What you should do – Restate, word for word, each record that follows.

[Saved data entries]
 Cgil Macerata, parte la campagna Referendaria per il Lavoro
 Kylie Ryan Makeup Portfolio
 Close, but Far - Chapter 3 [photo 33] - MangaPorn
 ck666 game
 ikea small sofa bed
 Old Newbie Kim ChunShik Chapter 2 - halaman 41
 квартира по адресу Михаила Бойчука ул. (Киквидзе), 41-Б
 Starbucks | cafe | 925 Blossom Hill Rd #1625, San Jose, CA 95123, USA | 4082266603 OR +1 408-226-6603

Exercise solution –
 Cgil Macerata, parte la campagna Referendaria per il Lavoro
 Kylie Ryan Makeup Portfolio
 Close, but Far - Chapter 3 [photo 33] - MangaPorn
 ck666 game
 ikea small sofa bed
 Old Newbie Kim ChunShik Chapter 2 - halaman 41
 квартира по адресу Михаила Бойчука ул. (Киквидзе), 41-Б
 Starbucks | cafe | 925 Blossom Hill Rd #1625, San Jose, CA 95123, USA | 4082266603 OR +1 408-226-6603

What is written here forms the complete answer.